International Film festival North Hollywood
Review of: Projections of America, A film by Peter Miller
Shown as Part of the International Film Festival North Hollywood
April 28th – May 1st, NoHo Arts Center, 11136 Magnolia Blvd., NoHo Arts District
Projections of America is a beautifully lyrical, heartfelt and fascinating film by acclaimed filmmaker Peter Miller. It is the story of an impassioned and devoted group of filmmakers who, during the darkest days of World War II, when the Nazi’s were in retreat and the Allied forces desperate to end the years of devastation, vowed to create films about America that uplifted, comforted and informed liberated survivors.
Many Europeans held wildly confused and negative views of America. The Nazi’s had used cinema for years to undermine the Allied forces, creating elaborate films full of misinformation and lies about every culture other than their own, including America. These films, coupled with America’s own cowboy movies and popular pre-code crime films, full of violence, prisons and organized crime, presented the US in such a negative light that they were often perceived as just another oppressive invader by those they fought to save and protect.
Robert Riskin, himself a hugely successful Hollywood filmmaker and the husband of Fay Wrey, who is also featured in the film, was hired by the US government to produce films that would serve as our own form of counter propaganda, showing American values, using the average hard working American family and portraying them as inclusive, progressive and honorable.
Riskin enlisted a team of talented and established filmmakers and together they produced 26 films specifically for the purpose of showing Europeans that America was an compassionate rescuer, not a conquering oppressor.
These films were never shown in America, and had been long since forgotten.
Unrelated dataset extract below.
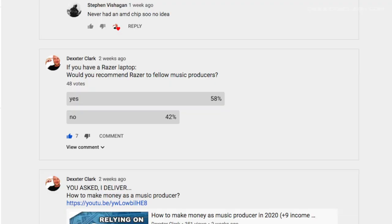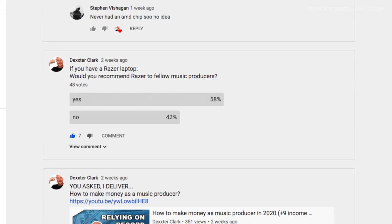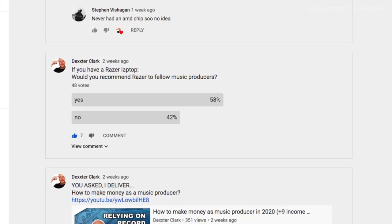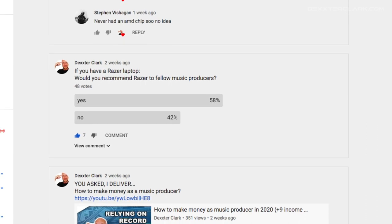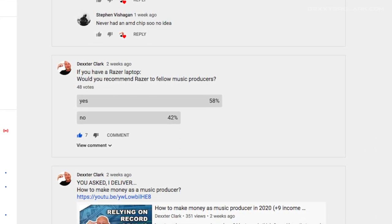When I asked my friend who owns a computer store about Razer, he said, 'Razer? They make gaming mice and keyboards.' I then asked my YouTube community: would you recommend Razer to fellow music producers? 58% said yes and 42% said no — results that I found a little unsettling.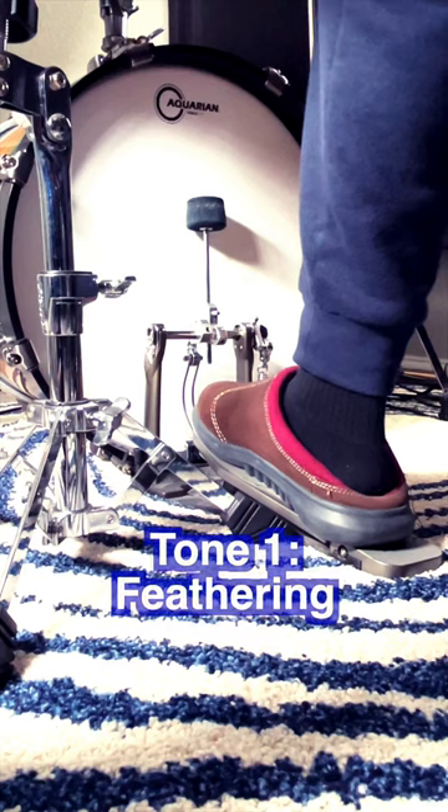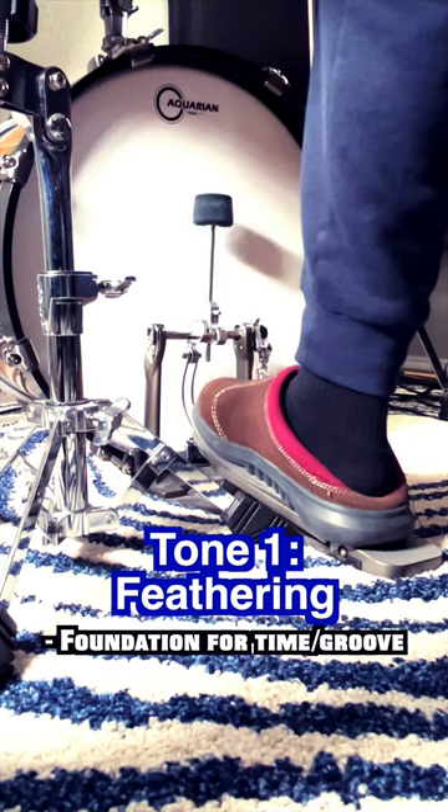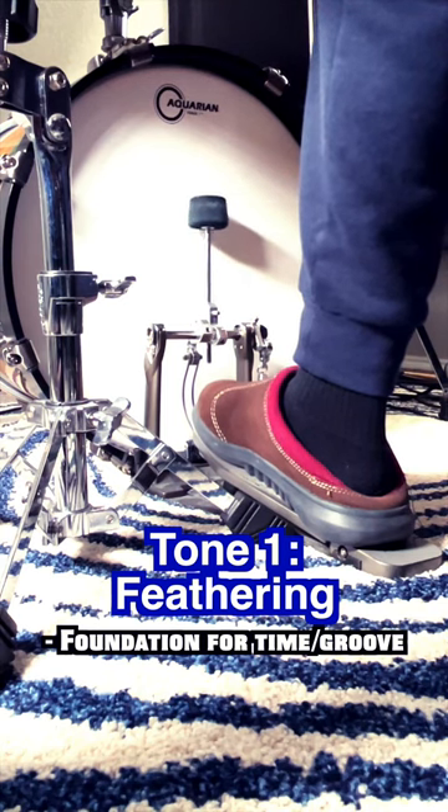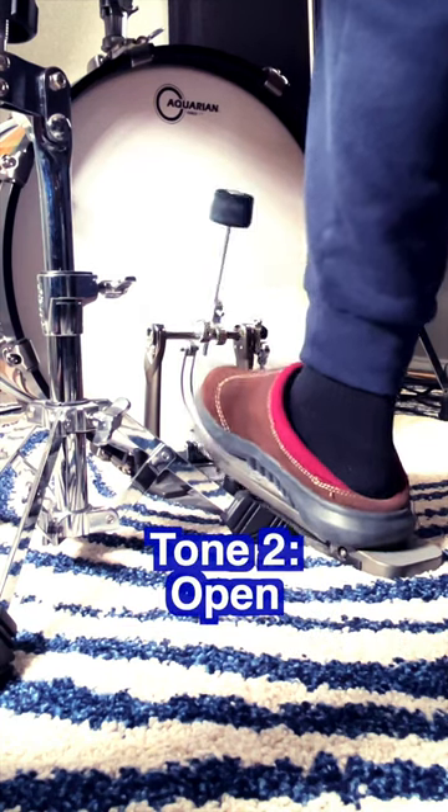The first tone is feathering, meant to be felt and not heard. You want to make sure you can do this consistently at different tempos. Another tone is the open tone.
Government propaganda films hardly have the reputation of being subtle, but Riskin was given complete free reign to create and re-imagine the American dream. The films he produced were as varied as the story of an English boy who is brought to work on a farm and learns what being a cowboy is really all about, to a man who cleaned the windows of the Empire State Building, perhaps an homage to ‘King Kong’ and ‘Autobiography of a Jeep,’ a very popular film, with the jeep telling it’s own humorous story and shown by the allied forces post D-Day.
Regardless of the specific content of each film, the purpose and the tone were always the same, to enlighten, to present the heart of America as that of a liberal, racially mixed and hopeful nation and to encourage those who watched them to aspire to freedom, peace, equality and democracy, even when those high ideals seemed as difficult to reach as they did than in one of the worst times in human history, when even America itself was rocked with uncertainty and division.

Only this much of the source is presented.